BEGIN Material for this exercise

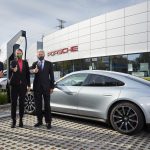 Iberdrola y Porsche se unen para promover la recarga ultrarrápida de vehículo eléctrico en España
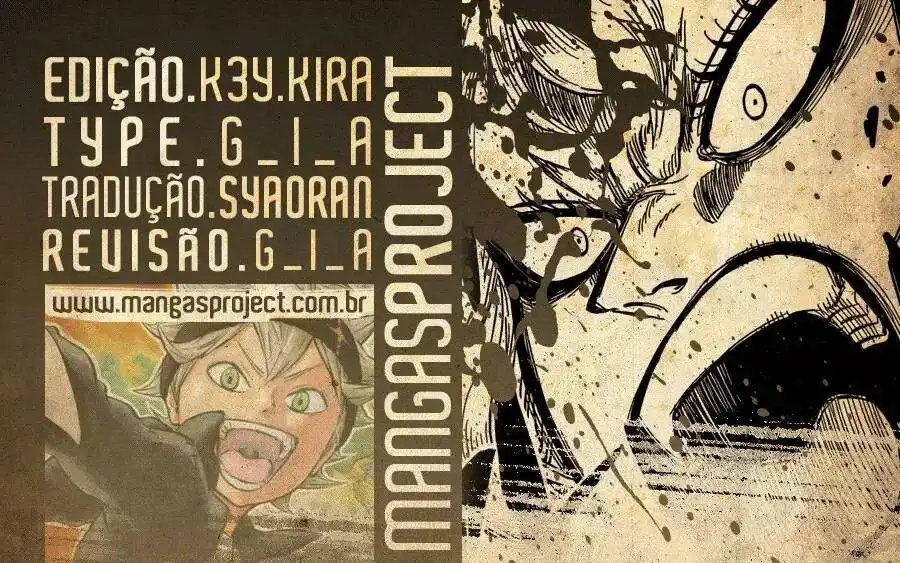 Black Clover 107 página 1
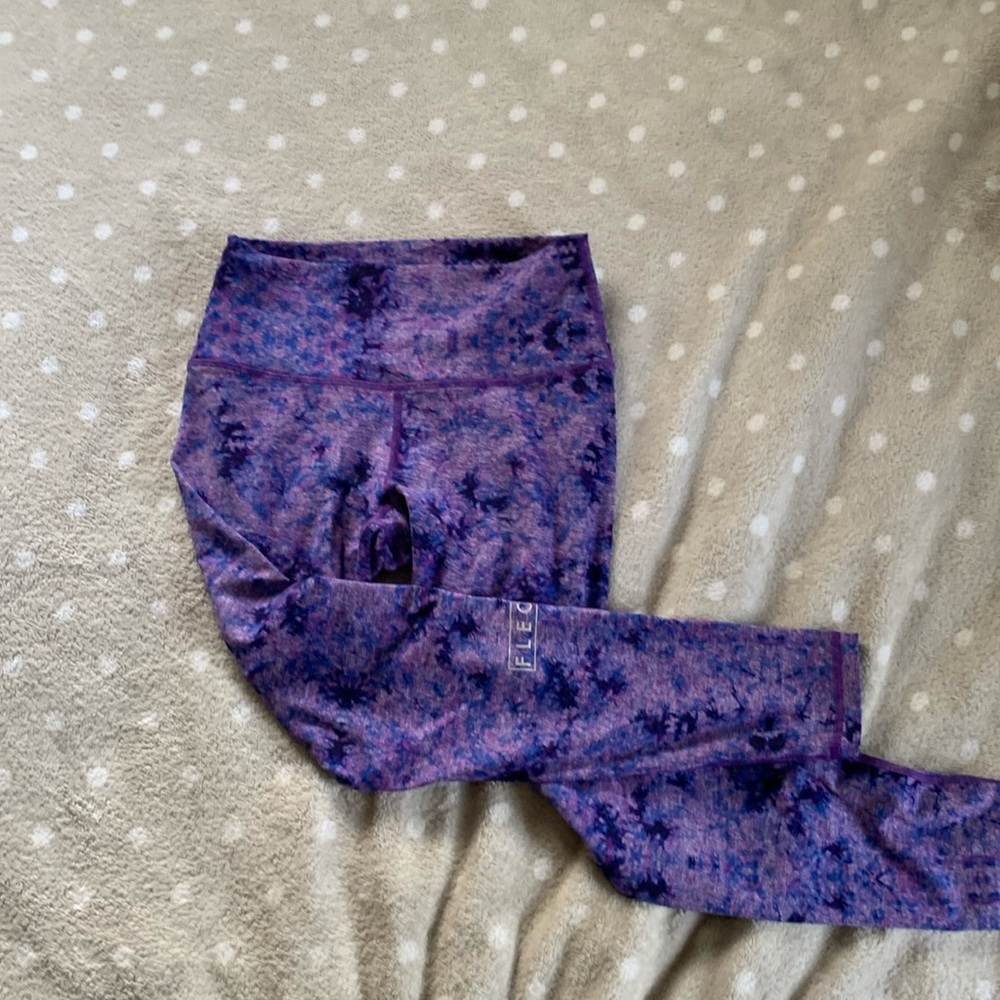 Fleo El Toro 25’ leggings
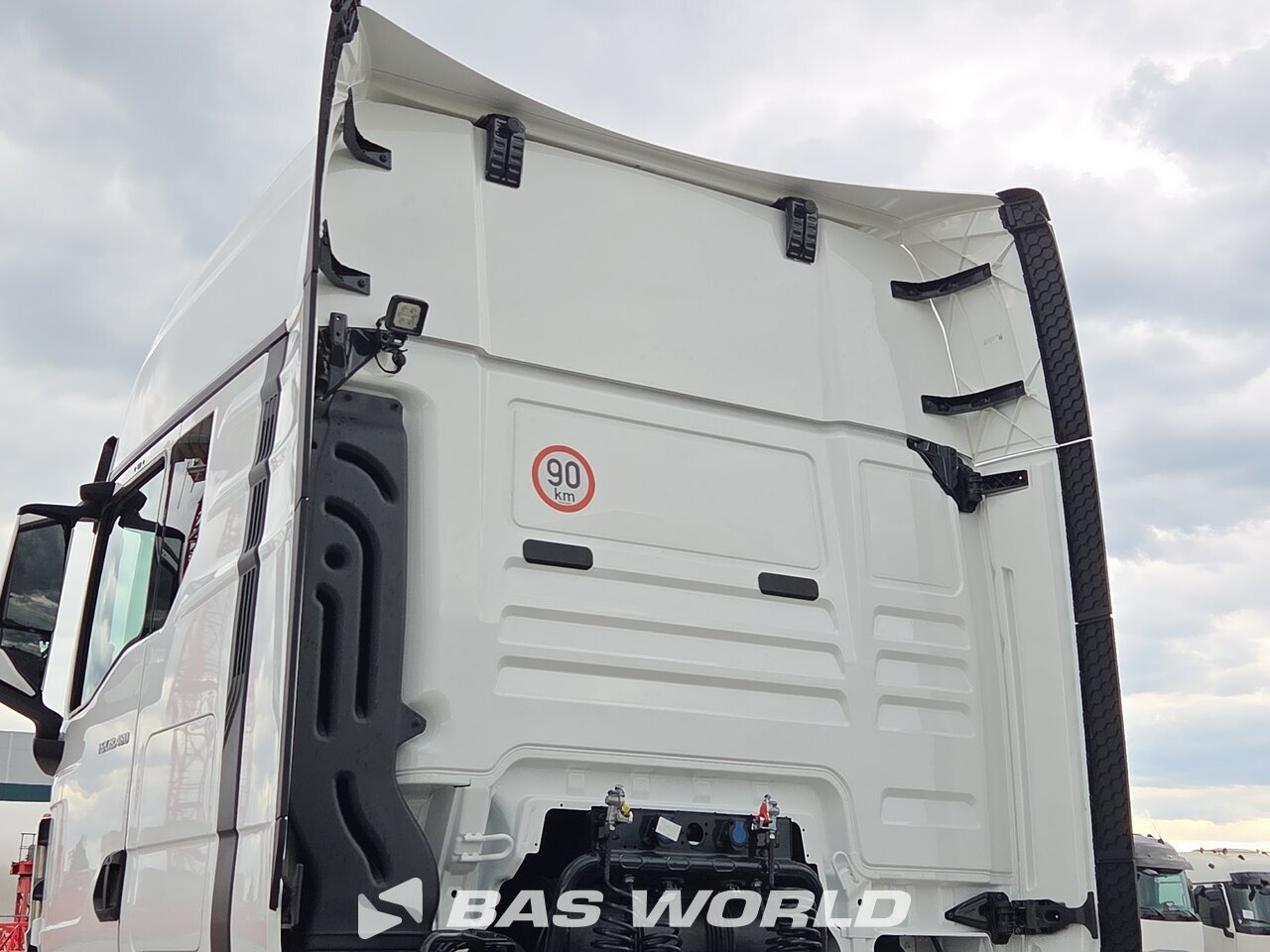 Other : MAN TGX 18.480 Влекач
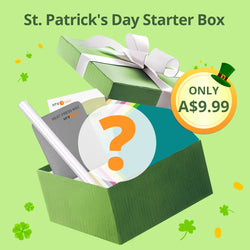 St. Patrick's Day Starter Box（Random Material）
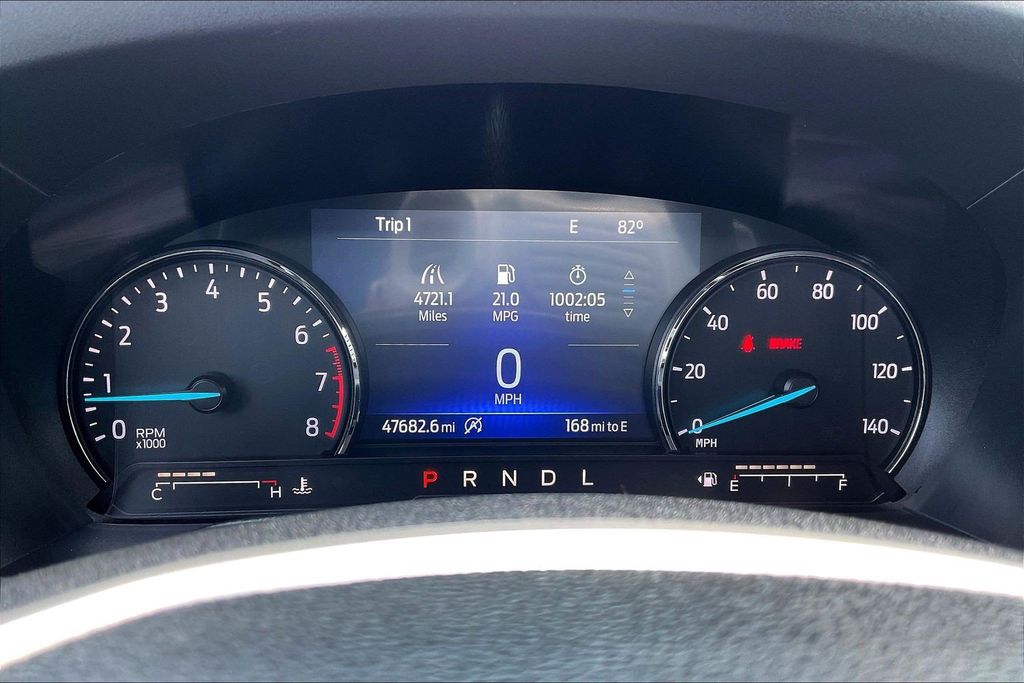 Used 2022 Ford Explorer SUV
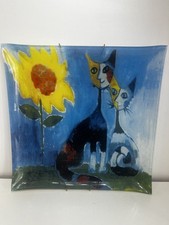 Rosina wachtmeister cat square - wachtmeister,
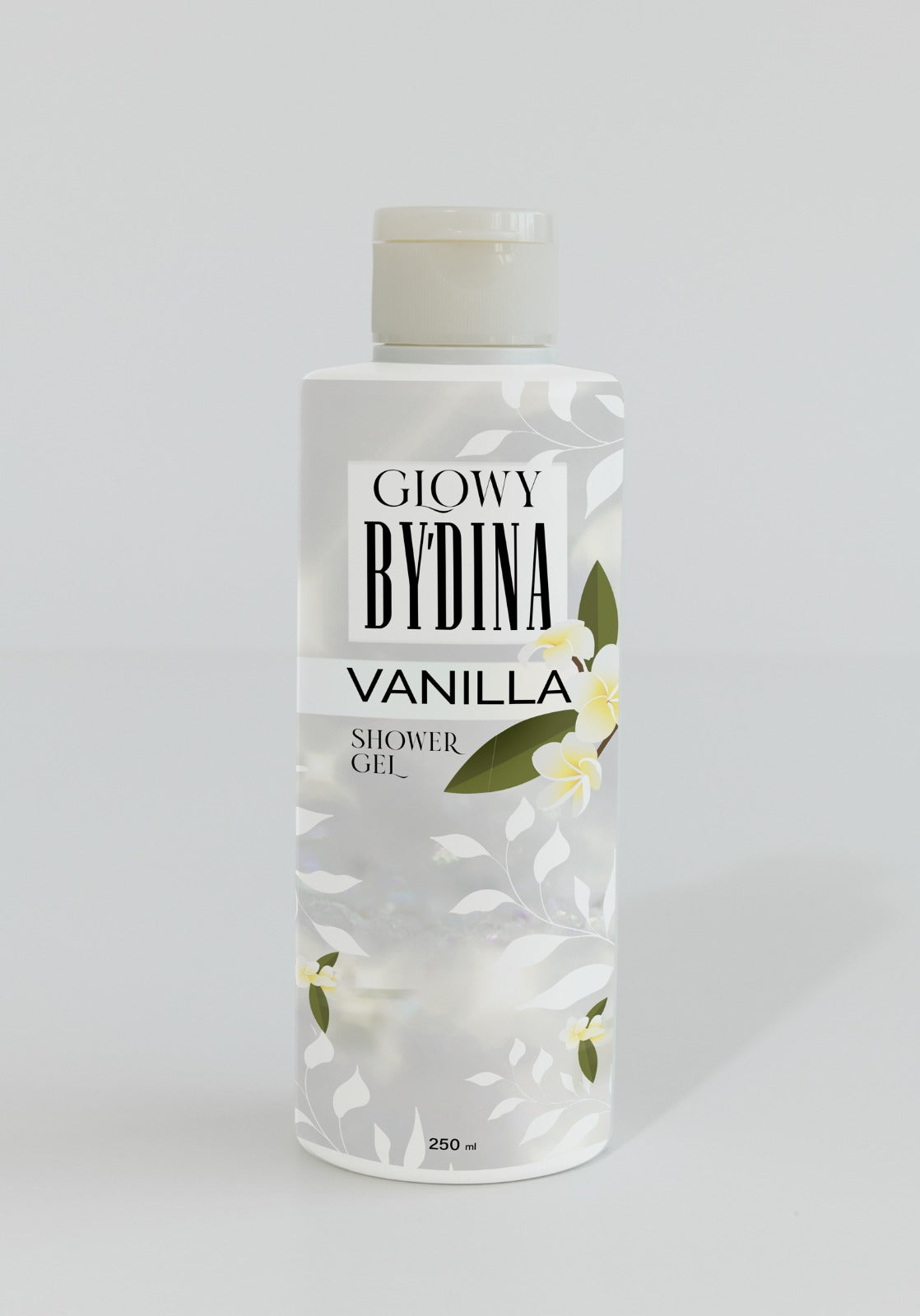 Vanilla Shower Gel By Dina
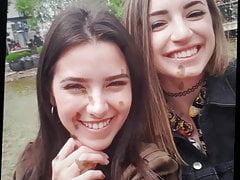 Asmr Glow and Gibi Cum Tribute 01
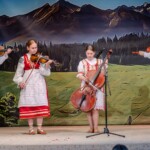 39. Przegląd Gminnych Zespołów Regionalnych „Małe Bajania” - Dziecięcy Zespół Regionalny „Mali Jurgowianie” z Jurgowa 39. Przegląd Gminnych Zespołów Regionalnych „Małe Bajania” - Dziecięcy Zespół Regionalny „Mali Jurgowianie” z Jurgowa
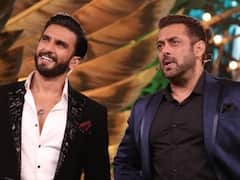 Bigg Boss 15: बिग बॉस के शो में Salman Khan ने Ranveer Singh के सामने मांगी Kareena Kapoor से माफी, 'बजरंगी भाईजान' में उनका नाम भूल गए थे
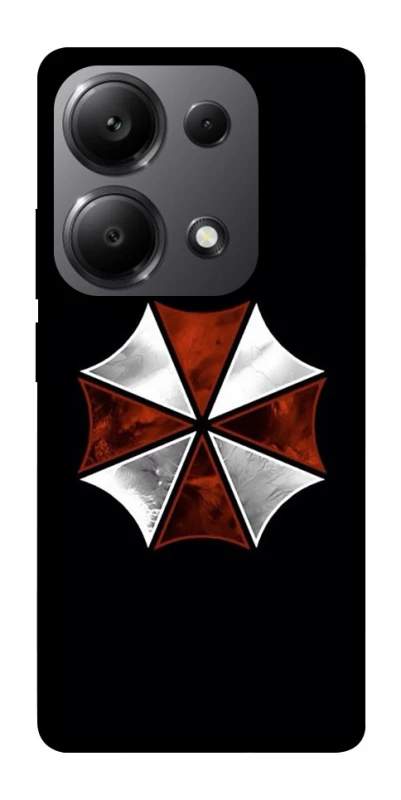 Чехол на Xiaomi Redmi Note 13 Pro 5G Umbrella Corporation фото 1 из 1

END Material for this exercise

Task:
An answer that restates all the entries exactly and drops the images is what is needed.

Exercise result:
 Iberdrola y Porsche se unen para promover la recarga ultrarrápida de vehículo eléctrico en España
 Black Clover 107 página 1
 Fleo El Toro 25’ leggings
 Other : MAN TGX 18.480 Влекач
 St. Patrick's Day Starter Box（Random Material）
 Used 2022 Ford Explorer SUV
 Rosina wachtmeister cat square - wachtmeister,
 Vanilla Shower Gel By Dina
 Asmr Glow and Gibi Cum Tribute 01
 39. Przegląd Gminnych Zespołów Regionalnych „Małe Bajania” - Dziecięcy Zespół Regionalny „Mali Jurgowianie” z Jurgowa 39. Przegląd Gminnych Zespołów Regionalnych „Małe Bajania” - Dziecięcy Zespół Regionalny „Mali Jurgowianie” z Jurgowa
 Bigg Boss 15: बिग बॉस के शो में Salman Khan ने Ranveer Singh के सामने मांगी Kareena Kapoor से माफी, 'बजरंगी भाईजान' में उनका नाम भूल गए थे
 Чехол на Xiaomi Redmi Note 13 Pro 5G Umbrella Corporation фото 1 из 1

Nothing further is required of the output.